Tuesday, 20 April 1042 was one of the bloodiest days that Constantinople had seen in all its history. The carnage was appalling especially that suffered by the insurgents, for the most part defenceless against the fully armed and mail-clad imperial troops. In that one day, we are credibly informed, and in the night that followed, over 3,000 perished. But in the end, inevitably, numbers prevailed. In the early hours of Wednesday morning the Palace fell, and the whole vast complex of buildings was overrun by a frenzied, furious mob, pillaging and looting wherever it went but always with one supreme objective in mind: to find the Emperor and to kill him.
No longer could there be any question of a last stand. Shortly before dawn Michael and Constantine, pausing only to disguise themselves in dirty, tattered clothes, together boarded the waiting ship, sailed along the coast to the Studium, submitted to immediate tonsure and were forthwith accepted as members of the monastic community. Zoe, meanwhile, left alone in the Palace to fend for herself as best she might, was soon found by the insurgents, who immediately raised her on to their shoulders and set her upon the imperial throne.
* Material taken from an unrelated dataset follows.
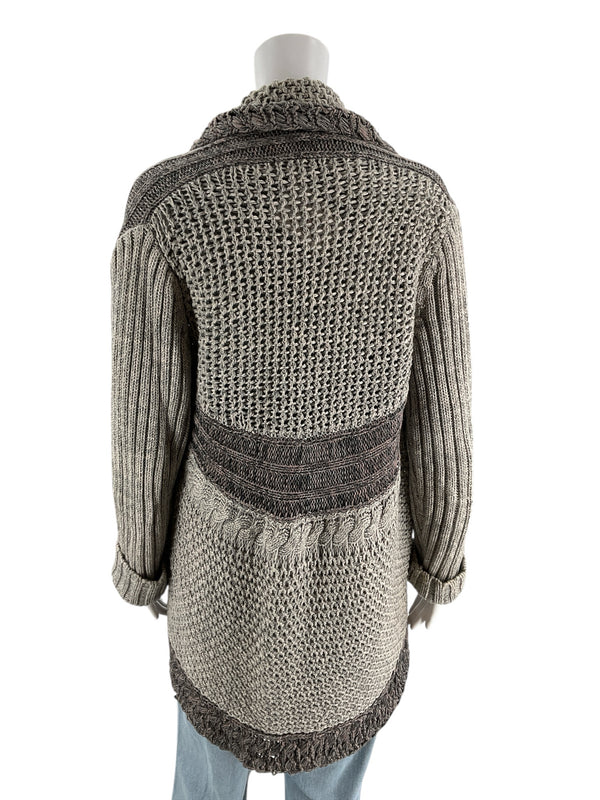 cabi Gray Solid Pre-Owned Ladies Shrug - Size Medium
With the departure of Michael and Constantine, her courage had in some measure returned. Gratified as she was by this sudden reversal of her fortunes, she was nevertheless outraged when informed of the arrival and subsequent coronation of Theodora, whom she had thought - and devoutly hoped -never to see again. Her first reaction was to order her immediate return to the convent that she should never have left; only when she hear
d the cheering outside St Sophia and was told that it was for her sister did she begin to understand. This lugubrious and unattractive elderly virgin, forgotten by all until a few hours before, had suddenly and inexplicably become the idol of the populace. Reluctantly - and, we may be sure, fairly ungraciously - Zoe agreed to the partnership. It was better to reign as joint Empress than not to reign at all.
The scene now shifts to the Studium, where the Emperor and his uncle had hoped to lose themselves in monkish obscurity. They had, however, underestimated the strength of the popular feeling against them. As soon as their place of refuge became known, the mob left the Hippodrome and surged westward along the Mese, bellowing for their blood. Psellus followed, with a detachment of the imperial guard, and has left us a terrifying account of the events that followed:
We found the monastery already surrounded by huge crowds, many of whom were trying to smash down the building in their eagerness to get inside. We had appalling difficulty in forcing our way through the hysterical throng, all shouting abuse and threatening the miserable fugitives with unspeakable atrocities.
Until that moment I had had no strong personal feelings one way or the other, although I had deplored the abominable way in which the Empress had been treated; but when I arrived in the chapel and saw the two unfortunates — the Emperor on his knees, clutching the altar, the nobilissimus standing on his left, both of them scarcely recognizable in their sordid rags, their very faces transformed by mortal fear, I stood there dumbfounded and my eyes filled with tears.